Defendant does not claim that Plaintiff's amendment would be prejudicial, in bad faith, or dilatory. Instead, Defendant relies on Local Rule 15.1 and futility. (Doc. 20 at 6-7.) Although Plaintiff did not comply with the local rule by lodging an amended complaint or attaching it to her response, the Court will consider the request on the merits. Plaintiff has attempted to plead a cause of action under both 12 U.S.C. § 2605 and 12 C.F.R. § 1024.36, and the alleged violation relates to Defendant's failure to provide records. (Doc. 1 at 5-6.) However, it is possible that Plaintiff could provide facts to properly plead a claim. The Court declines to comment on whether such a claim would be meritorious; however, given the liberality with which district courts must construe motions to amend, amendment is not frivolous.
CONCLUSION
Because Plaintiffs written correspondence exceeds the scope of RESPA, it does not qualify as an RFI pursuant to 12 U.S.C. § 2605(e)(1)(B) and 12 C.F.R. § 1024.36. Therefore, Plaintiff has failed to state a claim, and Defendant's Motion is granted. However, at this time the Court cannot determine that amendment is futile.

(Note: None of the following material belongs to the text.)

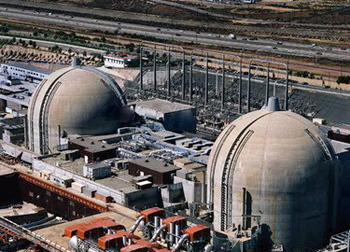 San Clemente nuclear power plant, CA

Accordingly, IT IS HEREBY ORDERED granting Defendant's Motion to Dismiss (Doc. 17).
IT IS FURTHER ORDERED that Plaintiff has 30 days from the date of this order to file an Amended Complaint.
IT IS FURTHER ORDERED that if Plaintiff fails to file an Amended Complaint within 30 days from the date of this order, the Clerk of Court must, without further notice, enter judgment of dismissal of this action with prejudice on or after April 11, 2022.